SUNGMI KIM / Stuff
House prices have fallen about 5.5% since the peak in November, according to data from CoreLogic.
Cashback is the new battleground for banks as interest rate volatility puts pressure on borrowers, brokers say.
Interest rates have risen rapidly over the past year as central banks around the world have tried to fight inflation.
The official cash rate rose from a Covid low of 0.25% to 2.5%, pushing home loan rates from around 2% to over 5% in some cases.
There was some respite as three banks cut their special two-year rates due to a drop in the cost of wholesale funding, but interest rate competition appears to be subdued.
* Why are deposit rates so low while mortgage rates are rising so rapidly?
* Fixed-term borrowers only benefit from a fraction of the reduction in the official exchange rate
The TSB has ended its special rate of 4.85% and replaced it with a one-year offer at 4.99% for the next three weeks.
Spokesman Joe Bishop said the rate was lower than those offered by the big four banks – ANZ, ASB, BNZ and Westpac – and came at a time when many households are looking for ways to cut costs.
The big banks announce special rates between 5.25% and 5.35% for one year.
“If our customers are looking for a different home loan term, our new ‘higher rate’ offer will secure them a lower rate than any of the fixed home loan rates currently advertised nationally by ANZ, ASB, BNZ or Westpac.
“We know a lot of Kiwis right now are trying hard in an environment of rising prices and interest rates, so we want to make it easy for our customers to secure a competitive home loan rate and have some certainty. for the next year. ”
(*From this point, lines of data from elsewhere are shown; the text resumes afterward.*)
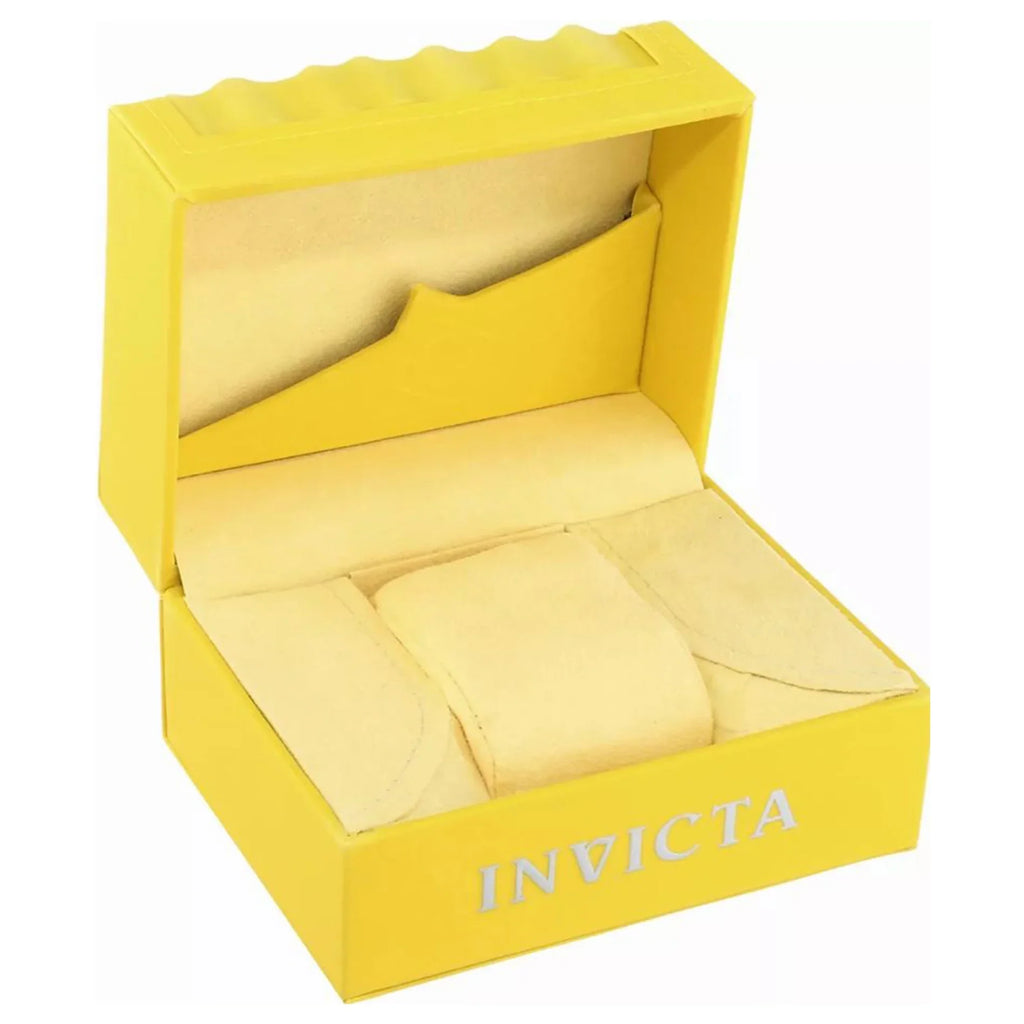 Invicta Display 19203 Watch Two Analog Swiss Quartz I-Force Tone Men's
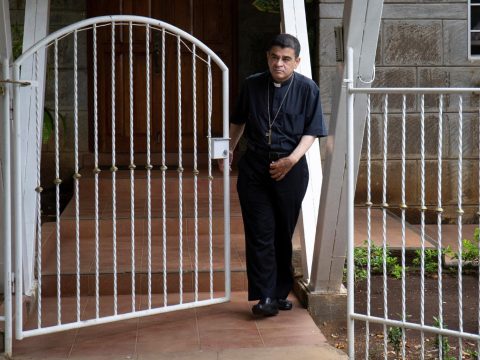 Government closes Caritas chapter in Nicaraguan diocese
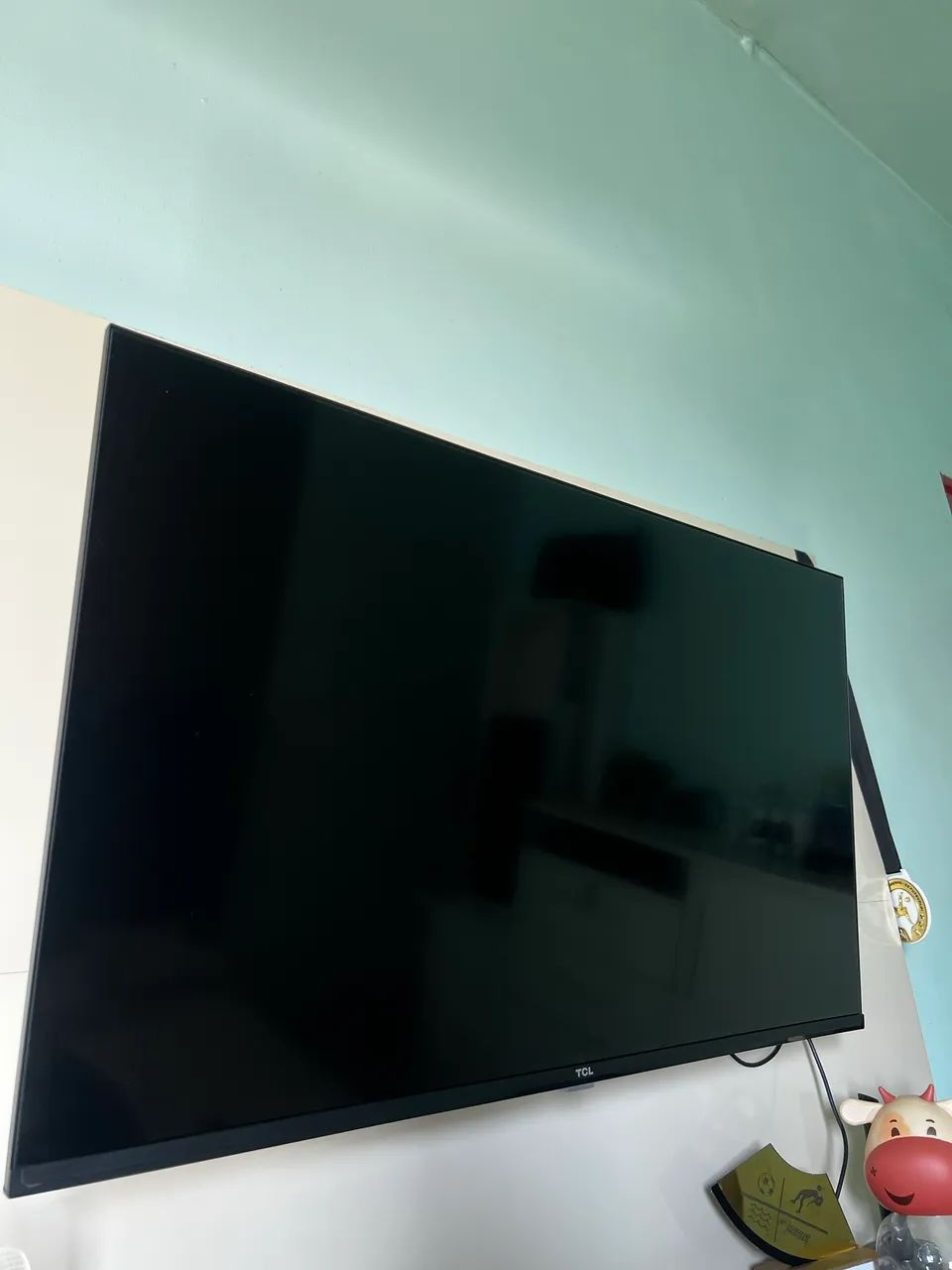 Tv 32 polegadas semi nova  - Foto 2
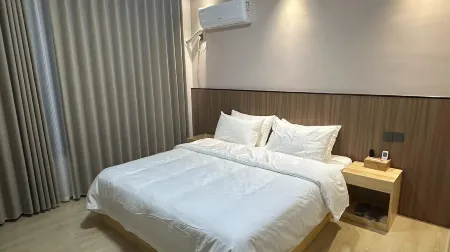 Qiaonan Homestay Отели рядом с достопримечательностью «Liuzi Suitang Dayunhe Matou Ruins»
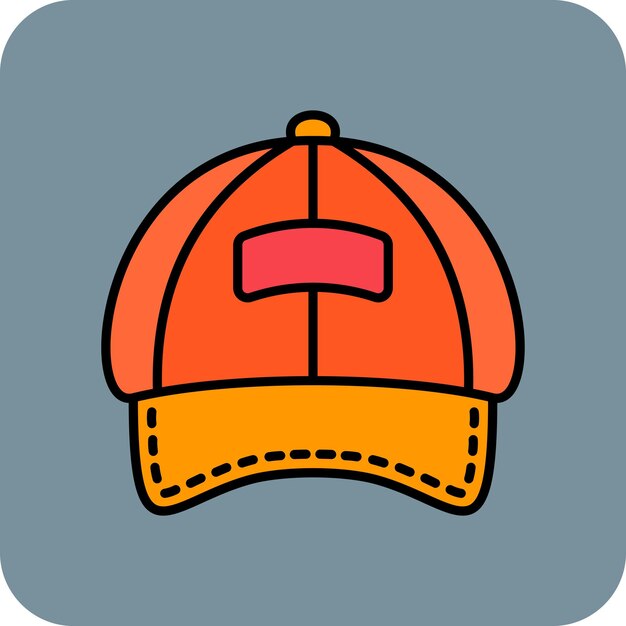 Cap Icon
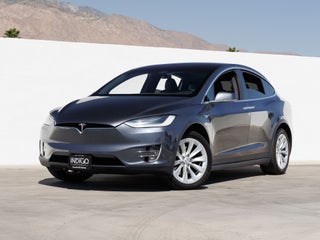 2020 Tesla Model X Long Range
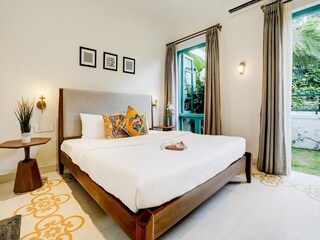 Casa de vacaciones Anjuna Características 29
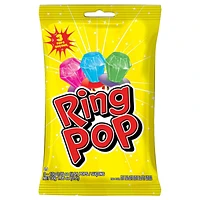 Ring Pop Fruit Candy Bag - 30g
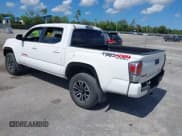 ✅ 2020 Toyota Tacoma SR5 • VIN: 3TMCZ5AN1LM360874 • Lot: 42525330. Listed on IAAI with 49,266 mi. Free auction sales archive from the USA and detailed vehicle history report at DreamBid. Image 3.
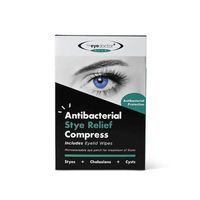 the eye doctor stye relief eye compress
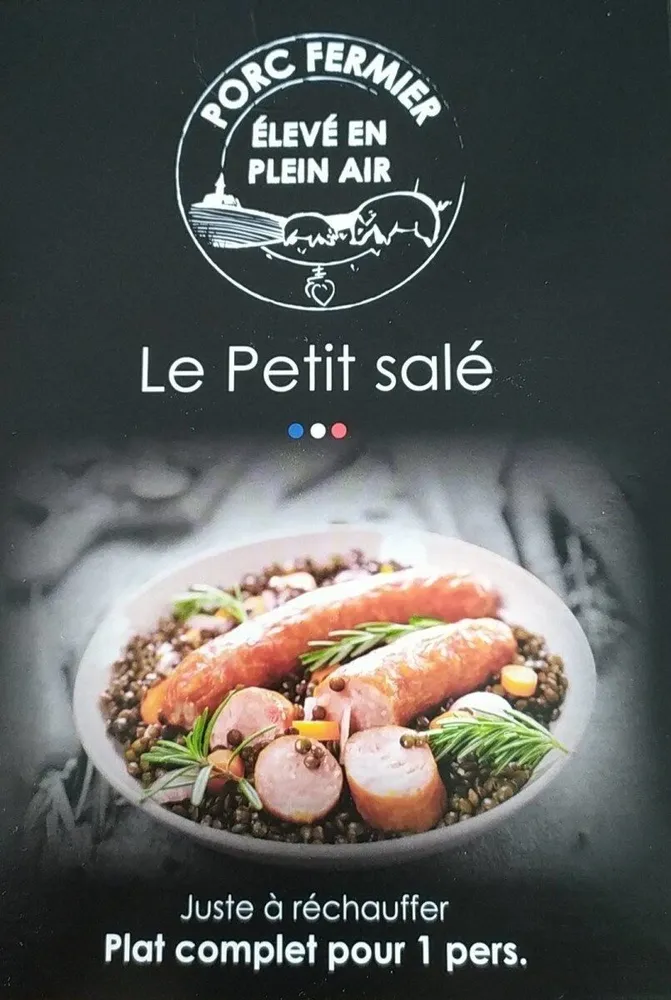 Le Petit salé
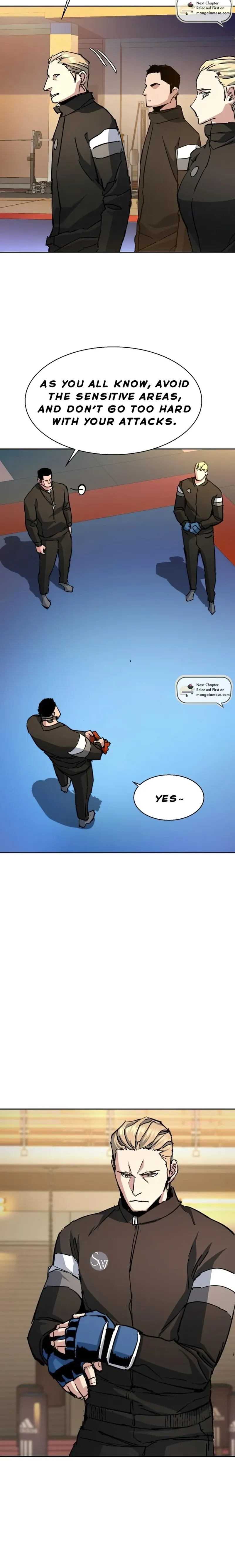 Read Mercenary Enrollment EN Manga Online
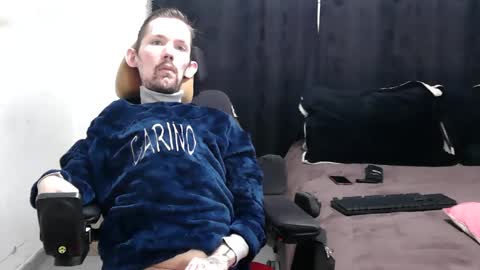 Thomas y Sophia online show from February 2025 12:45:02 PM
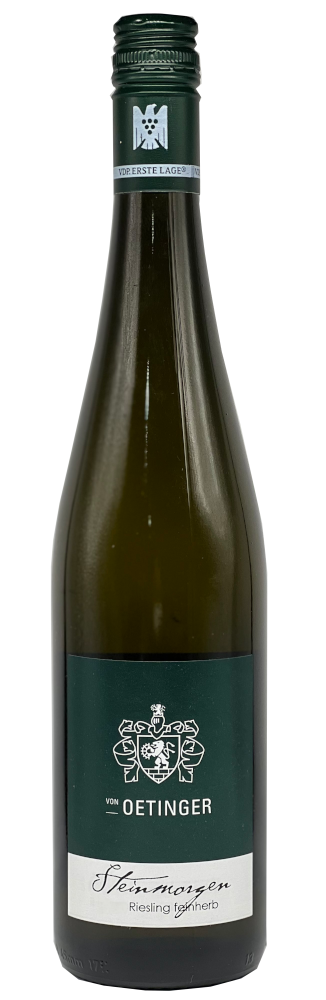 Weinzirkus WEINGUT VON OETINGER Riesling Steinmorgen feinherb Riesling feinherb 2021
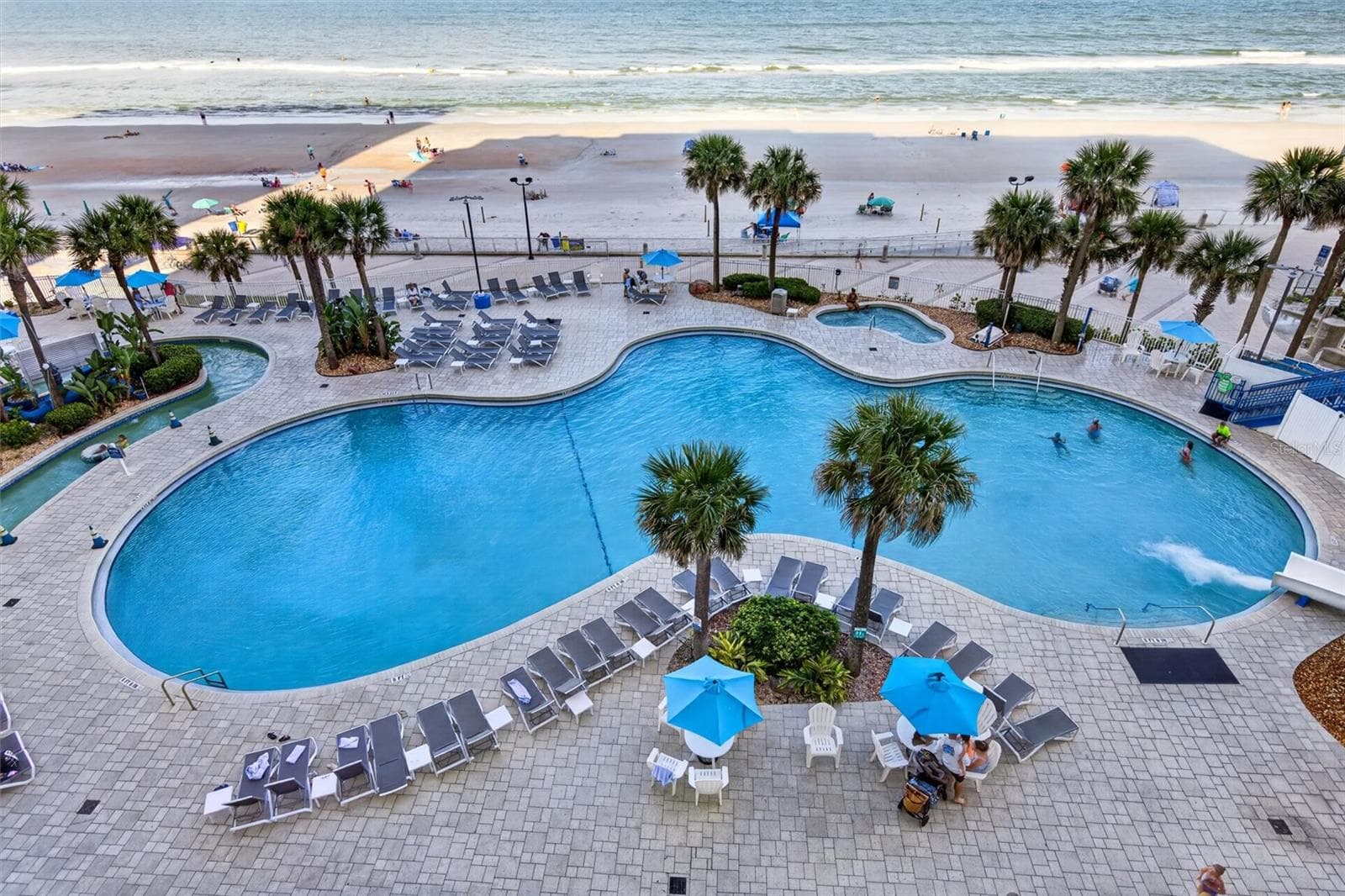 Condominium at 300 N ATLANTIC AVE #608, DAYTONA BEACH, photo 39 of 53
Banks vie for tighter mortgage market – Reserve Bank data shows there was $6.8 billion in new lending in May this year, down from $8.9 billion last May.
Data from the Real Estate Institute shows there were 38.1% fewer sales in June compared to the same month a year earlier.
Glen McLeod, Director of Edge Mortgages, explains why we should all be watching how banks test mortgage borrowers.
Broker Glen McLeod, of Edge Mortgages, said banks were the most competitive with cashback offers. Kiwibank and BNZ offer 1% – BNZ up to a maximum of $20,000. These are payments made to borrowers when a loan is taken out.
But he said they were less inclined to cut rates to get attention. “Nobody seems to be really pushing the boat right now with rates so volatile – they’re worried that if they cut rates and things change they’ll have to put them back on again.
“Lending is tight and service rates are higher and so it’s a tough time to be able to get approval at the moment. With house prices coming back, it opens up some leeway for first-time home buyers can buy, they will need to have everything in order along with their bank statements and expenses to be approved.
Lending market broker Bruce Patten agreed that cashback was at the center of the competition.
“It looks like they’re all suing the company, but with the illness they’re struggling a bit with the number of people away, so it’s an interesting time.”
McLeod said his own company had “never been so calm”. He said it seemed like people wanted to switch off after a few tough years.
Economists had predicted that the Reserve Bank might not need to raise the official exchange rate to the 4% it had forecast to bring inflation under control. But news last week that inflation had reached 7.3% caused some to reassess that forecast.
McLeod said he still expects to see a traditional spring campaign of interest rate specials. “Banks cannot continue indefinitely what they are doing.”